_Work request_
All of the entries are to be repeated exactly, with no pictures included.

┌─ Records provided

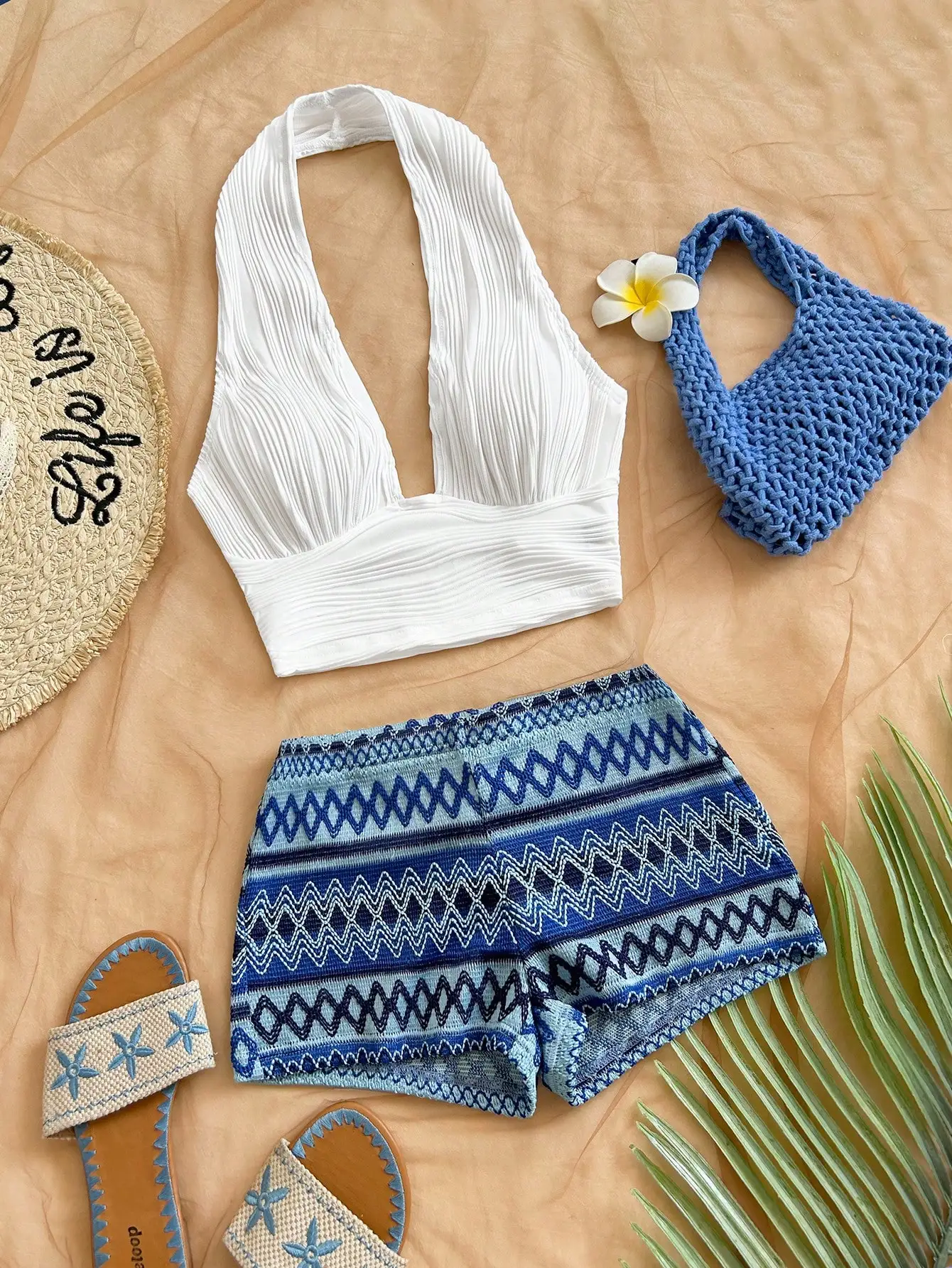 

Богемный комплект: топ-халтер и шорты с узором для летнего пляжного отдыха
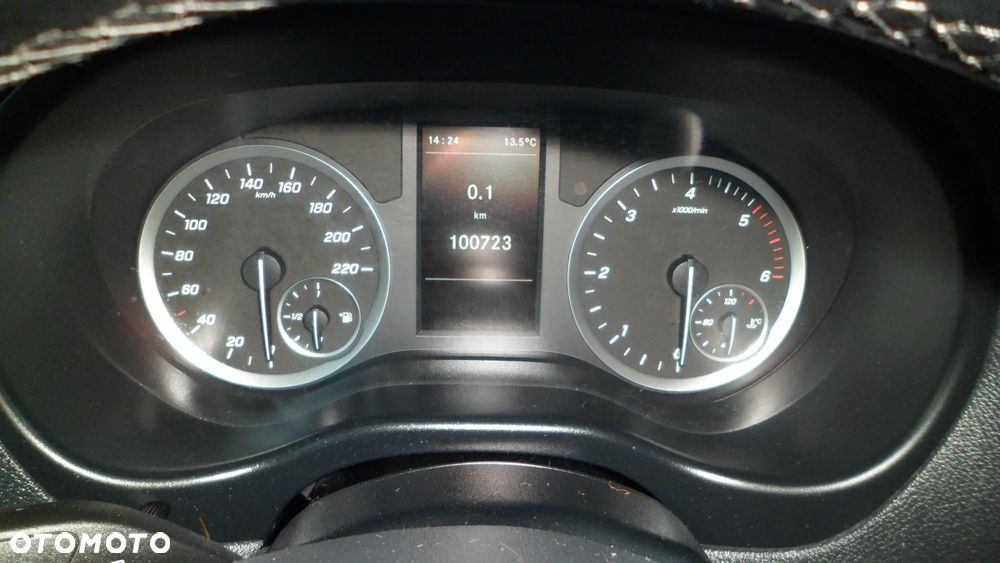 Mercedes-Benz Vito - 18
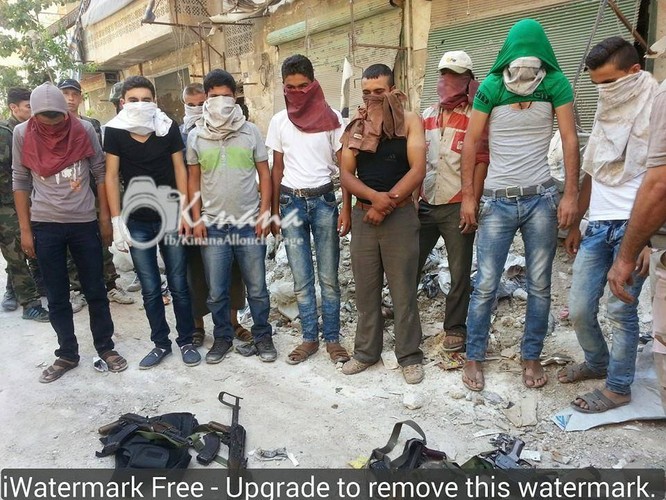 75 gia đình ở khu vực vây hãm đã ra được vùng giải phóng ở Aleppo ảnh 4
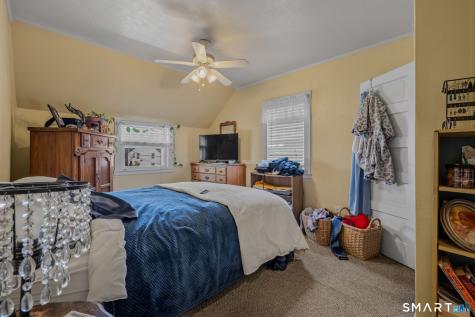 14 West Pleasant Street New London CT 06320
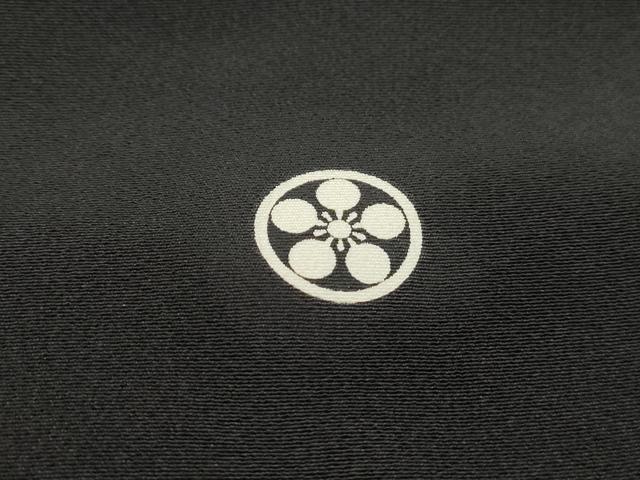 平和屋着物■豪華黒留袖　駒刺繍　向かい鳥更紗花文　金銀彩　正絹　逸品　DABF4926qa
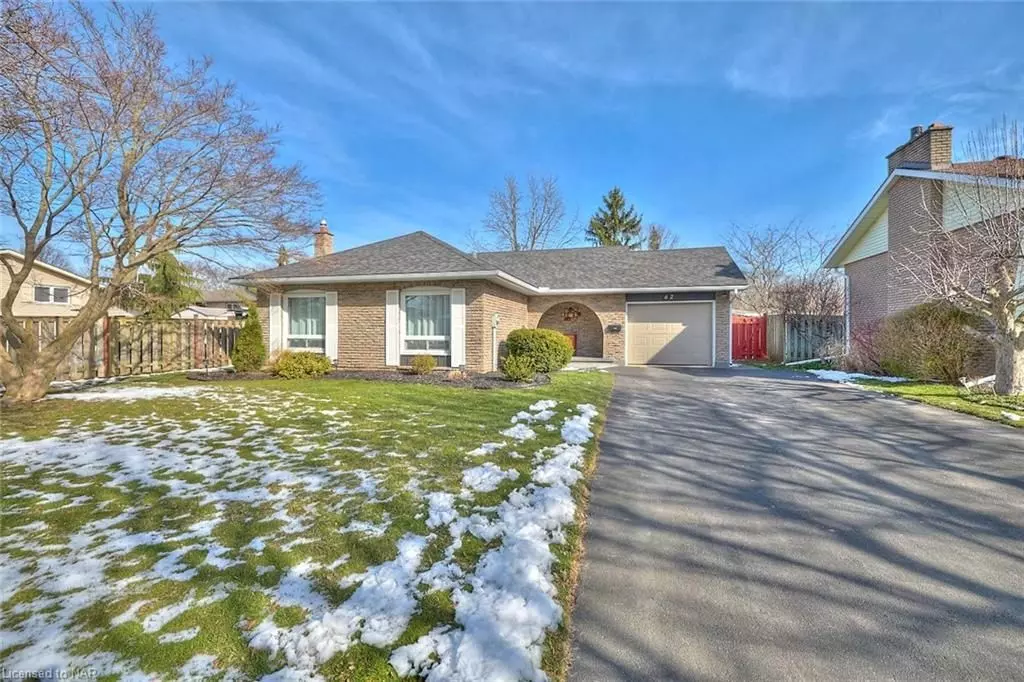 Welland, ON L3C 3M7,62 GLENAYR PL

└─

_Solved problem_
Богемный комплект: топ-халтер и шорты с узором для летнего пляжного отдыха
 Mercedes-Benz Vito - 18
 75 gia đình ở khu vực vây hãm đã ra được vùng giải phóng ở Aleppo ảnh 4
 14 West Pleasant Street New London CT 06320
 平和屋着物■豪華黒留袖　駒刺繍　向かい鳥更紗花文　金銀彩　正絹　逸品　DABF4926qa
 Welland, ON L3C 3M7,62 GLENAYR PL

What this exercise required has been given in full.